Would you write out each line of the material below exactly, skipping every picture?

• _SUPPLIED INFORMATION_
::::

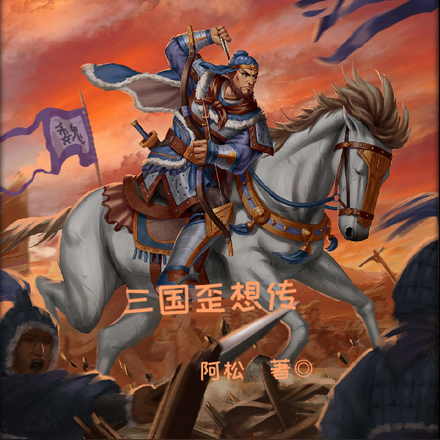三国歪想传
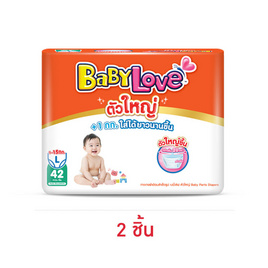 เบบี้เลิฟ ผ้าอ้อมเด็กแบบกางเกง ตัวใหญ่ (มีไซซ์ L-XXL) - BabyLove, ผ้าอ้อมเด็ก
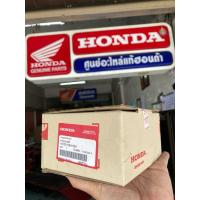 ราคา คาร์บูเรเตอร์ คาบู Ls125 ตัวเก่า HONDA LS125 2T (แท้ศูนย์ฮอนด้า) 16100-KBA-930 (29884668974)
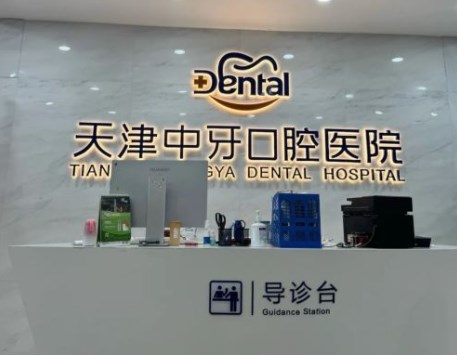 天津中牙口腔醫院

::::

• _WRITTEN ANSWER_
三国歪想传
 เบบี้เลิฟ ผ้าอ้อมเด็กแบบกางเกง ตัวใหญ่ (มีไซซ์ L-XXL) - BabyLove, ผ้าอ้อมเด็ก
 ราคา คาร์บูเรเตอร์ คาบู Ls125 ตัวเก่า HONDA LS125 2T (แท้ศูนย์ฮอนด้า) 16100-KBA-930 (29884668974)
 天津中牙口腔醫院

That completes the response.